A team of Scottish FA staff from football development, along with President of the Scottish Amateur FA Graham Harkness, travelled across the Irish Sea last week to learn how the Football Association of Ireland (FAI) helps the grassroots game flourish.
The study trip – arranged by UEFA’s study group scheme – offered our Scottish FA delegation the opportunity to exchange ideas on how to develop the non-professional game.
“We took across a range of staff from regional managers to football development officers,” explained the Scottish FA’s head of regional development Andy Gould.
“We were able to see and hear about a range of projects that the FAI deliver, ranging from girl's football programmes, intercultural programmes, employment training initiatives for coaches, to developing volunteers and coaches in the game and providing diversionary football for young players living in urban communities.
“We also visited the national stadium, the Aviva stadium.”
Drawing comparisons with the way in which grassroots football in Scotland is developed, Andy said our Irish counterparts adopted a similar outlook.
“The FAI has a similar philosophy to our own, whereby the volunteers and coaches are critical to the success of any grassroots programme and that football should be available for everyone to play,” he said.
“They provide a range of support to develop coaches in order to provide quality football opportunities for all ages and abilities of players.”
Summing up the trip, Andy said: “The Irish were extremely friendly and provided a warm welcome ensuring our stay in Dublin was both educational and informative.
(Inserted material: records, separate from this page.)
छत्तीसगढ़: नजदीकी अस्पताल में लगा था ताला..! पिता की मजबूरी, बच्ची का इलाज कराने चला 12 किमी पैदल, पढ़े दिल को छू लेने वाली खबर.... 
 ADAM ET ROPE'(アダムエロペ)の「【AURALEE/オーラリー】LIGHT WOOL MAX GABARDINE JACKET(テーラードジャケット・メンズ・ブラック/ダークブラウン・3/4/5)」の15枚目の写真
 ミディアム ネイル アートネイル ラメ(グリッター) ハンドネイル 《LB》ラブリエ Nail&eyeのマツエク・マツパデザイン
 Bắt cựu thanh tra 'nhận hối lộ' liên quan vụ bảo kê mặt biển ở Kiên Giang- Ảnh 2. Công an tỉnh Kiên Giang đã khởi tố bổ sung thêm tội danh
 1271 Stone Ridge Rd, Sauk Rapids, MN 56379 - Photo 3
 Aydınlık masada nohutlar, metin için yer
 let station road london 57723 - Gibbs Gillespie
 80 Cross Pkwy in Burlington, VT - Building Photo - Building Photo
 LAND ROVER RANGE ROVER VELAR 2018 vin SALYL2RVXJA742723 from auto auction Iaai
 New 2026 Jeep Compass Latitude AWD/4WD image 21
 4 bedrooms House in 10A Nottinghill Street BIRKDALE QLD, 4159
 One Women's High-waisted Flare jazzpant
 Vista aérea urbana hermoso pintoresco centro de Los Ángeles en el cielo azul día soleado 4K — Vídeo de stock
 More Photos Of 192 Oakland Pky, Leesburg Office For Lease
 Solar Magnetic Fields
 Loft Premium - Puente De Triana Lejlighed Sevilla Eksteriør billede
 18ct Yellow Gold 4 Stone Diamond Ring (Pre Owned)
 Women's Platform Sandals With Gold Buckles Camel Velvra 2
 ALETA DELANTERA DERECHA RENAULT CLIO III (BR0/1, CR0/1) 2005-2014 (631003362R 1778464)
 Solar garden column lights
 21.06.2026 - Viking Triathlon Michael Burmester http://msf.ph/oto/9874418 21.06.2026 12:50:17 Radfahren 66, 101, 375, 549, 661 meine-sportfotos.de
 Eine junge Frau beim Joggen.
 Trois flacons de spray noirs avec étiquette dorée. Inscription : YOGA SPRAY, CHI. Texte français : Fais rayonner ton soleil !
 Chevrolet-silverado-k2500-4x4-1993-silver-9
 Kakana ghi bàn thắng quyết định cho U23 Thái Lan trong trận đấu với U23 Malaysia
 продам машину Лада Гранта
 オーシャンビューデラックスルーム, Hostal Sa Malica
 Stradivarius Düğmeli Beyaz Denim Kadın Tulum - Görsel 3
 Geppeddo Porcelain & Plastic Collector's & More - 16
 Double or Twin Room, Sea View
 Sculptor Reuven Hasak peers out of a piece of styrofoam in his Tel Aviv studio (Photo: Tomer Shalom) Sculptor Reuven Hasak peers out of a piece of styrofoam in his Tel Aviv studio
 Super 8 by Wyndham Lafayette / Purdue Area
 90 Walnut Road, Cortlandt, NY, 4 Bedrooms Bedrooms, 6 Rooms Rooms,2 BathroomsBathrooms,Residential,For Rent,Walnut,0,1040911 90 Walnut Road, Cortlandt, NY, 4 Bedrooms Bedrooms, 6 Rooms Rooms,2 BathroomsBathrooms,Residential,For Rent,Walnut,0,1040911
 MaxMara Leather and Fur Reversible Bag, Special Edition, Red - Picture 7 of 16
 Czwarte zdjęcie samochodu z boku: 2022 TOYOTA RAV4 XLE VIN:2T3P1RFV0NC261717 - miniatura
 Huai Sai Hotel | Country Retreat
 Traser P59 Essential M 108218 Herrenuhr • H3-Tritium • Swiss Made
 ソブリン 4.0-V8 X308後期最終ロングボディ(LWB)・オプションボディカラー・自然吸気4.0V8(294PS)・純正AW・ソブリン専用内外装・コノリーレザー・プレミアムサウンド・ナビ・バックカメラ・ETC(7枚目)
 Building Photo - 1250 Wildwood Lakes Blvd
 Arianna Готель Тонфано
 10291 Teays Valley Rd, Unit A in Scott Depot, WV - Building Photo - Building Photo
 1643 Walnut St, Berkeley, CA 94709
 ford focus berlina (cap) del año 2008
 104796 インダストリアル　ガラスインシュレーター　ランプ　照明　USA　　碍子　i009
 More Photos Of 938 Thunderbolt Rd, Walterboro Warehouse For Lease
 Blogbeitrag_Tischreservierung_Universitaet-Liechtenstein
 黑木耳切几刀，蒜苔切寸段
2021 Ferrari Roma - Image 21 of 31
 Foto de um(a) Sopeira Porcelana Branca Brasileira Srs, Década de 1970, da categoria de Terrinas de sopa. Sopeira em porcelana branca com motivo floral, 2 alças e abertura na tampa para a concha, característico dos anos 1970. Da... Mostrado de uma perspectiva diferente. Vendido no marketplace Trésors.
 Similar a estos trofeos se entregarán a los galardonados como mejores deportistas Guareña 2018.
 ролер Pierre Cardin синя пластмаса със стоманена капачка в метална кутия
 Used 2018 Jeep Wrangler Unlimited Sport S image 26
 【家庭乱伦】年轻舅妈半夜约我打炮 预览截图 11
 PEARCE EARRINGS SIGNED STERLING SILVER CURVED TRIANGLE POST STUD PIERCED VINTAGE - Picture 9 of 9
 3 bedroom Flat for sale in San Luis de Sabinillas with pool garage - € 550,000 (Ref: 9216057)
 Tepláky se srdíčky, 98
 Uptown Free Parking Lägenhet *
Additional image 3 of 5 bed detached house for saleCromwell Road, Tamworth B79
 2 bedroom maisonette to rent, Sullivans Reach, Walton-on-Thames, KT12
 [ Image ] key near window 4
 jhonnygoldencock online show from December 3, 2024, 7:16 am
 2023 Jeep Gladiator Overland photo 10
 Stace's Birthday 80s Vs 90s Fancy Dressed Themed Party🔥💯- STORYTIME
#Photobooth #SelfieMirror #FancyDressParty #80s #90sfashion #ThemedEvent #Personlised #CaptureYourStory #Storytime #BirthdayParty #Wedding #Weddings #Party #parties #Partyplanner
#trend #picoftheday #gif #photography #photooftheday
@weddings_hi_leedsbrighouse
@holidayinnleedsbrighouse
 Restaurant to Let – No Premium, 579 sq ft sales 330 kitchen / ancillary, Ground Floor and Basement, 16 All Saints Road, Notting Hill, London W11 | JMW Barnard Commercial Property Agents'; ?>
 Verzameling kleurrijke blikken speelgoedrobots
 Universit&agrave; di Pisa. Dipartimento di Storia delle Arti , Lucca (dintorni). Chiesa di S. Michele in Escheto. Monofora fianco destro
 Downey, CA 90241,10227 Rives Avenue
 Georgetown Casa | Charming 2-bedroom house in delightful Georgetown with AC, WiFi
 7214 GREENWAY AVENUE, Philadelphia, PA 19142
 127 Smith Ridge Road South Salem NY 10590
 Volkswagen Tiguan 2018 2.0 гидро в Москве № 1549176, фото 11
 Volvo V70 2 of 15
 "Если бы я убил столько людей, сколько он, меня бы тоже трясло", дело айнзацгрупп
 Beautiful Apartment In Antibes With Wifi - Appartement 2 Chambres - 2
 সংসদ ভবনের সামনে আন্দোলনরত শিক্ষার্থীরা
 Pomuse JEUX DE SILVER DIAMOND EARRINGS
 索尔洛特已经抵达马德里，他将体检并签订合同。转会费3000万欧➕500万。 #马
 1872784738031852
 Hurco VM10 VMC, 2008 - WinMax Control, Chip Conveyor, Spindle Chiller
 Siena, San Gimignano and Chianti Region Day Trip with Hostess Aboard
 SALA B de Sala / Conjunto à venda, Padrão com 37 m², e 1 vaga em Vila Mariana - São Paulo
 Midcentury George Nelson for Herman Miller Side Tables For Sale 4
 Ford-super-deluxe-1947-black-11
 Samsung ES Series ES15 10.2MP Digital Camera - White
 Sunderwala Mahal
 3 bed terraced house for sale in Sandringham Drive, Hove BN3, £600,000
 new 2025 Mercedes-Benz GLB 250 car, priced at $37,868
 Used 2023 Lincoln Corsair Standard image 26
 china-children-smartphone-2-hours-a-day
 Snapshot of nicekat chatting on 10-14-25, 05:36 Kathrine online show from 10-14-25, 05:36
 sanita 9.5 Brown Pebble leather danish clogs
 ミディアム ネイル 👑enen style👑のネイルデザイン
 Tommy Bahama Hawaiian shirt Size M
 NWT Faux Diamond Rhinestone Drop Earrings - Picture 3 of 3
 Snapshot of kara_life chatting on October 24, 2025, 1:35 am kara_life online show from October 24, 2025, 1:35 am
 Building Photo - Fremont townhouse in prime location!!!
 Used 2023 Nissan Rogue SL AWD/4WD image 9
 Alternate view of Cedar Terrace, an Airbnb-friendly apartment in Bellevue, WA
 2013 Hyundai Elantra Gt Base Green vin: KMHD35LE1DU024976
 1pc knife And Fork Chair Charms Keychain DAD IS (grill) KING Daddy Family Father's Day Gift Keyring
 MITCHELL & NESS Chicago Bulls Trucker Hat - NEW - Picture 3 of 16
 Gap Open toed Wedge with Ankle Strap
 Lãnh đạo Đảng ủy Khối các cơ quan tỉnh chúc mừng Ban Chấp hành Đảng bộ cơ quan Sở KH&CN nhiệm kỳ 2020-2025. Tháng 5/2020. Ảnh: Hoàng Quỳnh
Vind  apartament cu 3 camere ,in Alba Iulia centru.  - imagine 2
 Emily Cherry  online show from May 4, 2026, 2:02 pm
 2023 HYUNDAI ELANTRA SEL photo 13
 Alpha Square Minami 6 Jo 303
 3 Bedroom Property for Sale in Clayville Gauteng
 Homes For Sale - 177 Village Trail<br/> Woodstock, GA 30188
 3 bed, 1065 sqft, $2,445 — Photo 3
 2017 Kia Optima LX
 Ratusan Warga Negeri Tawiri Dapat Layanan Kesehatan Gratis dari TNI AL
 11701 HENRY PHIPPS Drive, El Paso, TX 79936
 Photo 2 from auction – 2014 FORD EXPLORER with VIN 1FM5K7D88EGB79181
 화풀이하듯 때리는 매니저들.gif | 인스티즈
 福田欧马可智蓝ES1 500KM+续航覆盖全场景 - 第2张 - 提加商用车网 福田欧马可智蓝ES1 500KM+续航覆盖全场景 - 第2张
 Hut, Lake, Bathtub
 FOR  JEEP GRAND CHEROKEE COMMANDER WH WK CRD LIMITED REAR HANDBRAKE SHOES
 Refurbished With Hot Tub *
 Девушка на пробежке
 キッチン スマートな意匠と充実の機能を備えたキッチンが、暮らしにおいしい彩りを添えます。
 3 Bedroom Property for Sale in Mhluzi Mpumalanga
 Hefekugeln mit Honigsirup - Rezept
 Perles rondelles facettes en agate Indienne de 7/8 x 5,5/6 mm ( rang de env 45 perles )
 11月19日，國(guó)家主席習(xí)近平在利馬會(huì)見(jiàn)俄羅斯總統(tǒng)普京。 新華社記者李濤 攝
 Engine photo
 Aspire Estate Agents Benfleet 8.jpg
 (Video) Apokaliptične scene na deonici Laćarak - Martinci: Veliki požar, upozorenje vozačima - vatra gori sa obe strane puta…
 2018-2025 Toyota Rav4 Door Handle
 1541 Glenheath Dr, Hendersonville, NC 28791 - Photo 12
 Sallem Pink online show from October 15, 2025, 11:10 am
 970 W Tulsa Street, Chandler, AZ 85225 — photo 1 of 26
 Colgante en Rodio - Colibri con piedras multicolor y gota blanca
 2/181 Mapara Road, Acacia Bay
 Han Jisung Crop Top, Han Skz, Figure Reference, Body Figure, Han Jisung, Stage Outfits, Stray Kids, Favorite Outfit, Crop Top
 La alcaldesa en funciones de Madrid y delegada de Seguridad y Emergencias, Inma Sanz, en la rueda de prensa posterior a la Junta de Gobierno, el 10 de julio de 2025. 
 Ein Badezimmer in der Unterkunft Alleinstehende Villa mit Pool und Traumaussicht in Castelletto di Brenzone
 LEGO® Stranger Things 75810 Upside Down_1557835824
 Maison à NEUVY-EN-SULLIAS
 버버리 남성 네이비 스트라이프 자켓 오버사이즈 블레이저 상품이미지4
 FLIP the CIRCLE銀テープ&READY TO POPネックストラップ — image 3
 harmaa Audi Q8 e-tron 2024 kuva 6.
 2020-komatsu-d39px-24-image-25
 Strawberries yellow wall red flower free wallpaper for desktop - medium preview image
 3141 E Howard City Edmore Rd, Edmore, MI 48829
We even managed a game of football against Macedonia!”
No trip including characters such as Andy Gilchrist and Dave McCardle would be without its fair share of laughs.
In one comical scenario at Dublin Airport, Andy explained: “Gavin Tinley and Stuart Smith managed to exit the airport through the wrong door, just before departure gates, and found they were unable to get back in the building.
"After a great deal of fuss we did manage to get our colleagues back before we took off.”